Over the next few months, major discussions at the United Nations will shape the future of Internet governance. In order to prepare with our community for the ten-year Review of the World Summit on the Information Society (WSIS+10), in New York, USA, on 15 to 16 December 2015, we are publishing today a matrix of the countries’ positions on WSIS+10. The matrix draws from their written contributions to the UN this summer, and is designed to help all stakeholders better understand the key issues at the the heart of the negotiations.

Countries are making contributions on an ongoing basis so please do realize the matrix constantly needs to be updated; the next version will include full analysis of the WSIS+10 “zero draft”. Any feedback and suggestions on how to improve the document would be welcome. The most recent version of the matrix can always be found here.

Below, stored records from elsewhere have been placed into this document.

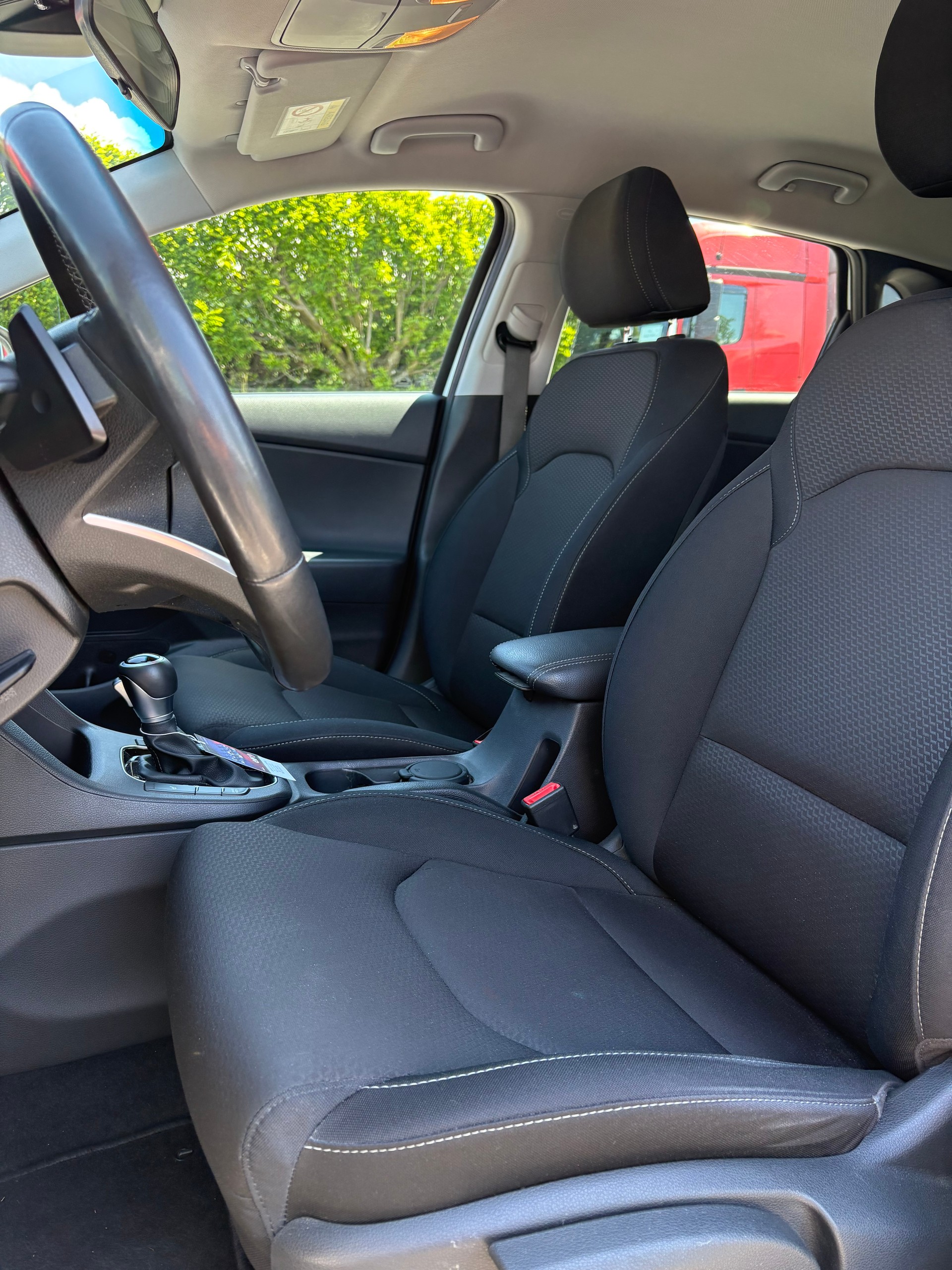 HYUNDAI 1.4 T-GDi Amplia-image-11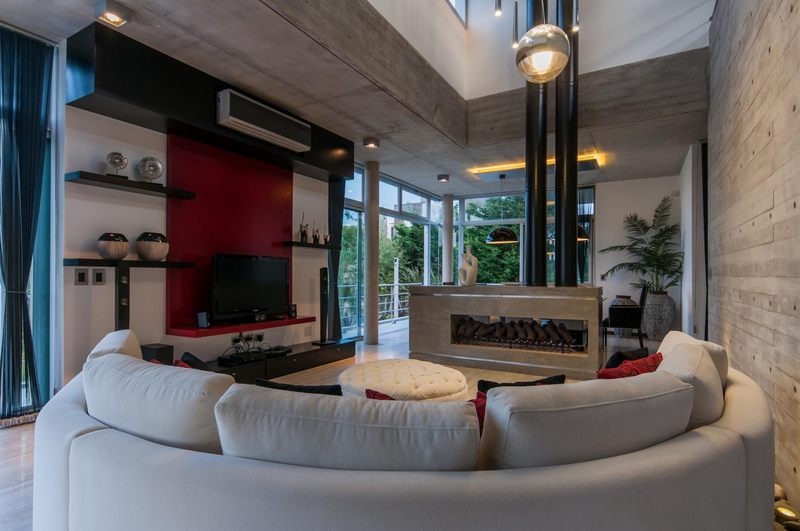 cheminée - Wanka House par Estudio Arquitectura Galera - Cariló, Argentine
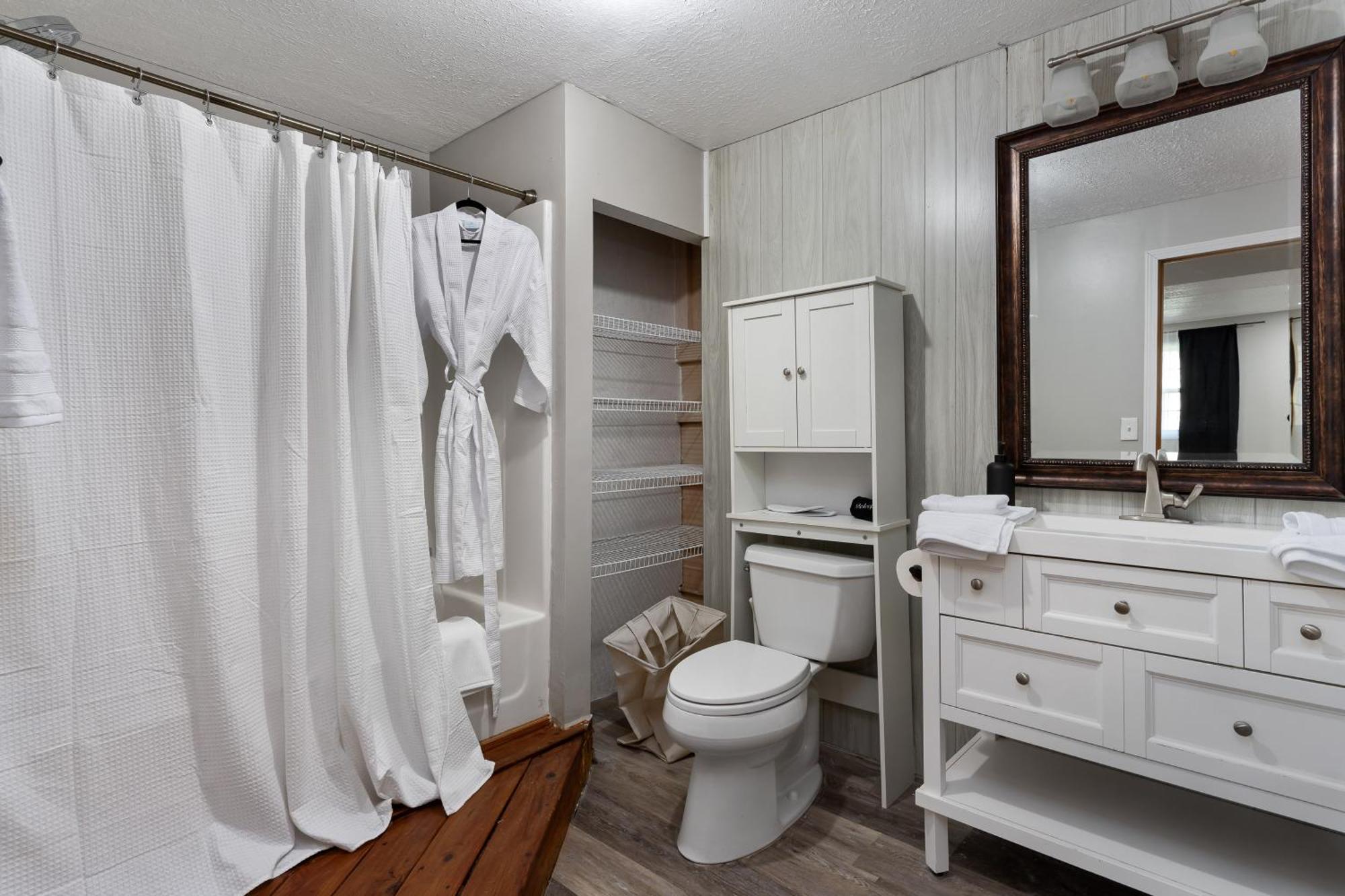 Spacious Cabin Near Hocking Hills And Caves With Hot Tub And Firepit Laurelville Ngoại thất bức ảnh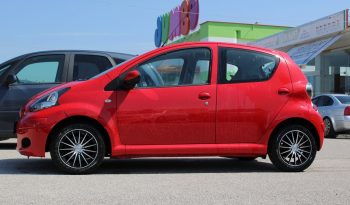 Toyota Aygo 5/2009 full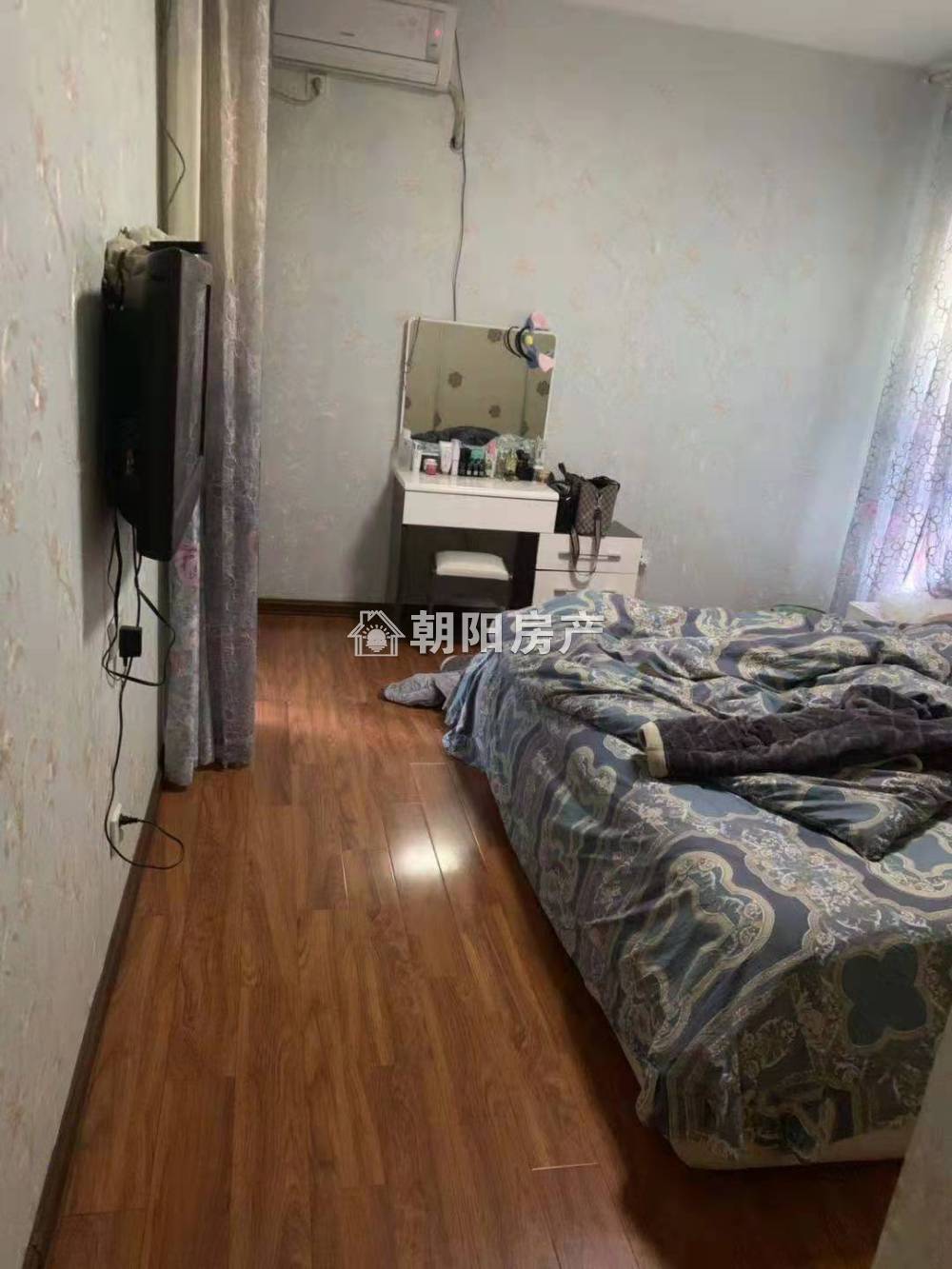 阳光365 136平 南向精装三居 满两年 交通便利 随时看房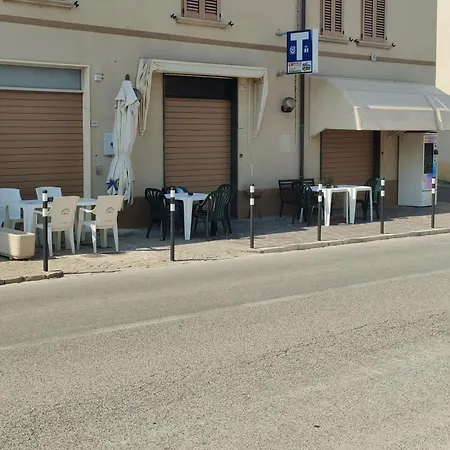 3 Bed - Sleeps 6 - Mountain View - Parking - Pets *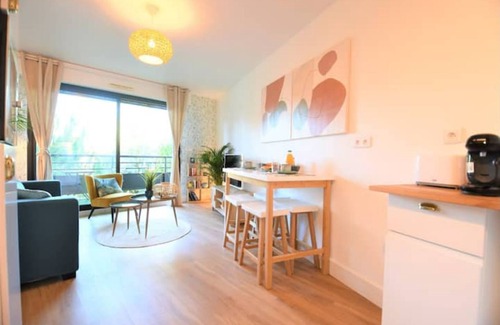 La Plage Apartamento | Borely - Apartment with terrace near the sea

You are welcome to use the matrix, print the document, and share it with others. We have licensed it under a Creation Commons By Attribution license meaning that you are free to use it in whatever form you like as long as the Internet Society is mentioned as the source.

It is part of the Internet Society’s core mission to strengthen the Internet governance ecosystem by enabling stakeholders to be fully part of discussions that may affect them. In the Internet Governance survey we conducted last spring, our community also indicated that key priorities are to make Internet governance easier to understand. The release of this WSIS+10 matrix today builds on our effort over the past weeks to publish policy briefs, organize Community Forums and also the launch of the Digital Watch project.
We are looking forward to discussing further WSIS+10 issues with our members and chapters during our Community Forum on 8 Oct.  If you would like to be part of these discussions, you can simply become an Internet Society member (it is free).

This post originally appeared on the Internet Society blog.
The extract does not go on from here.